War leaves both human and environmental casualties

It is an anxious time in our world. The Internet brings us to the front lines every day as we watch and anticipate the outcome of conflict around the globe. As I scanned the news, I thought of the suffering of women and children – who asked no part in this charade – and I thought of farmers – men and women who toiled only to watch their crop and sole food supply spoil or be torched.

We now know that many farmers will not get paid as political interests have shifted, particularly in Iraq where government has stopped buying from farmers because rebels own the wheat. Farmers already were on a delayed payment scheme (something very common worldwide) and now must face certain poverty. The inflation of not only food but crop inputs will leave many areas barren of crop or cover and this erosive land will further deteriorate. And so the cycle begins, war leaves both human and environmental casualties.

I recall spending time with General Rick Hillier, Canada’s former Top Soldier, and having a conversation about war. Was war, I asked, about food, water and resources? General Hillier replied that war was about power – but food, water and resources were the weapons of war. To put this into perspective, conflict is driven by one person who controls at all cost – the cost of human lives, animal lives, plant life and future development. As Canadians, we cannot appreciate that post war trauma includes the erosion and contamination of soil, air and water. The loss of sound from the death of food animals, pets and song birds is a deafening silence. From an agricultural perspective – war is the ultimate death of the world in which we live.

For rural communities, the help in the form of democracy is not enough. There needs to be a basket of tools and technologies, seeds and bulbs, market access and safe transport before a farm can be reborn. Many times to expedite economic progress, mono crops are pushed. In Afghanistan, that crop was poppies grown for the drug trade – another result of post-traumatic stress and the influence of western culture.

In Ukraine, where our team visited in 2012, a lack of vision was keeping the lid on agricultural growth. Despite the vast river system to port, agricultural goods were not on board. Corruption, theft and the lack of political will along with a moratorium on agricultural land ownership stifled growth domestically and internationally even before the recent conflict. Today, the ban on agricultural imports by Russia will further create hardship in rural communities, including Ukraine, where the once held hope of further processing is now all but abandoned. The words of one Ukraine farmer host in 2012 were prophetic: “We don’t trust the time we are in.  We don’t believe this change is staying.”

Russia had recently risen to the second largest importer of agricultural goods next to China. The ban on North American agricultural products resonates down to our farms and greenhouses too. Lack of investor confidence at a time when agriculture was the “in” thing, has led to strong corrections on commodity boards and concern in the pen, field and garden.

Landmines, missiles, gases and chemicals are destroying the growing earth and the transportation arteries. Farmers in Syria work under missile fire until they are forced to flee. Whole or maimed, farmers become part of the swell of humanity that must leave their land, region or country for safety reasons. Behind them they leave the bleating of starving sheep, dogs, calves and their whole sense of identity.

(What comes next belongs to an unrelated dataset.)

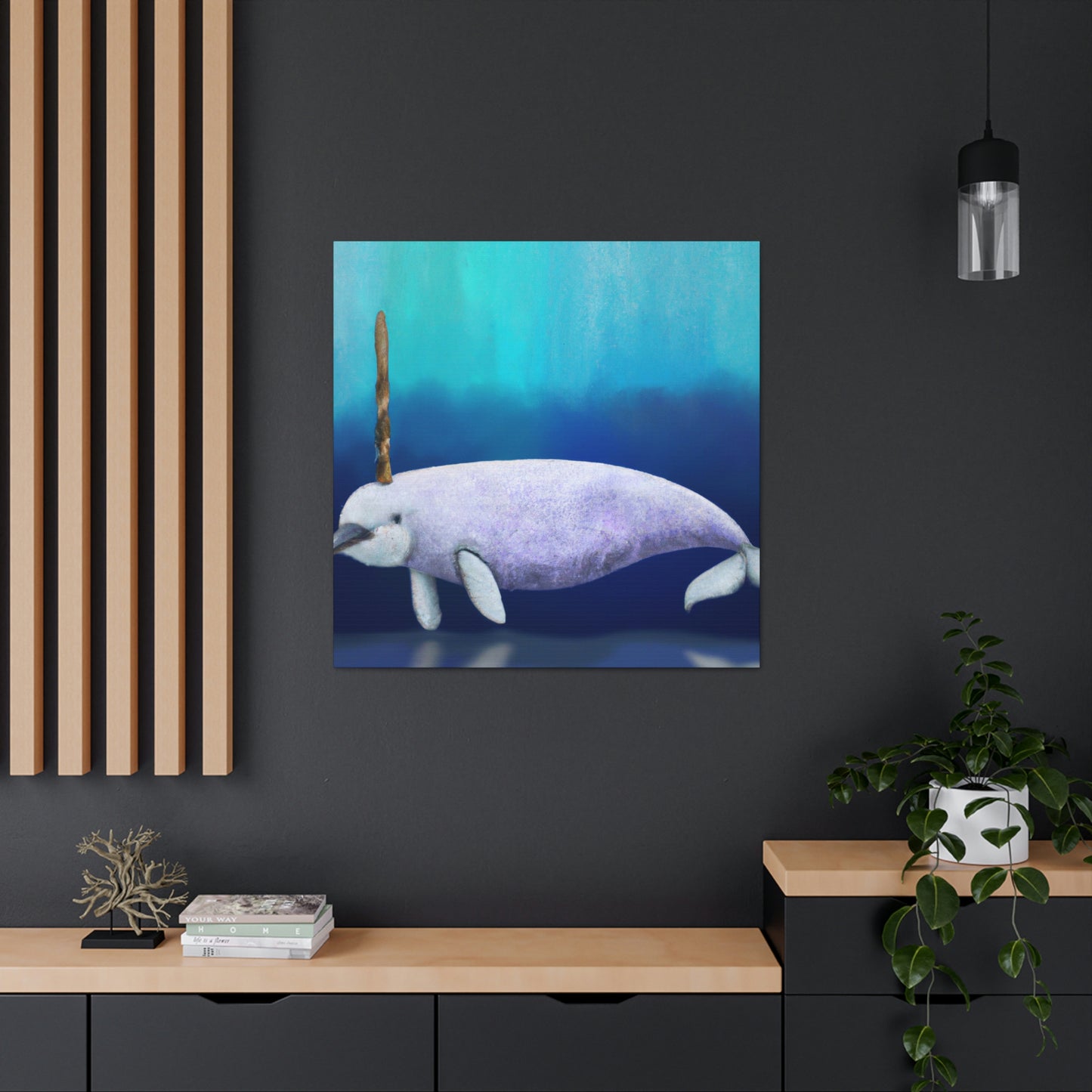 "The Mystical Narwhal" - Canvas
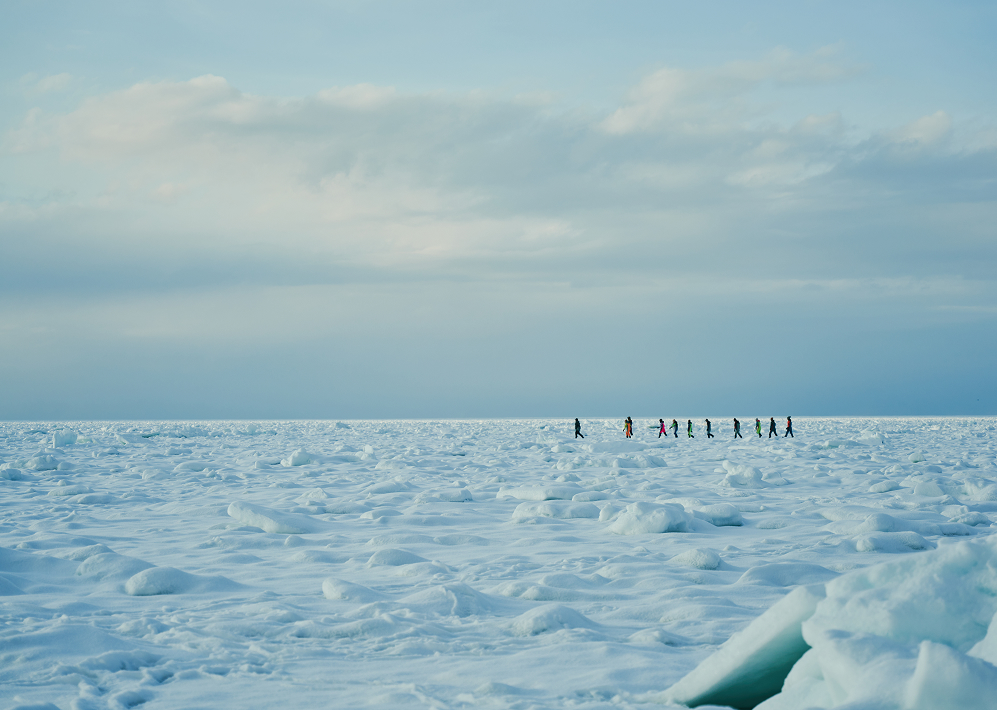 世界でも稀な流氷歩き 地の果て知床の大自然を感じる旅 3日間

History tells us that most farmers return to war torn lands, barns and gardens. The road there is certainly the one least traveled as they face danger in the ground tripping through post war rubbish that remains explosive. Investment into rebuilding rural areas is scarce and large companies are fearful. So farmers around the world, many of them women, start again – one field at a time.

Although we are many miles apart, we share the same earth and the same sky. The economies on Canada’s farms have rippled as other farmers fight for survival. It is one world, this world of farming, in which we share common values and beliefs. A unity of persons of every color and nation that strive to grow food, protect environments and increase trade for our families, communities and countries. This season as we in Canada sell our fat calves, sit on our massive technically advanced combines, eat the bounty from our garden and fish from clean, clear water – let us remember these war torn families and like-minded farmers and honor them with pure and genuine harvest gratitude.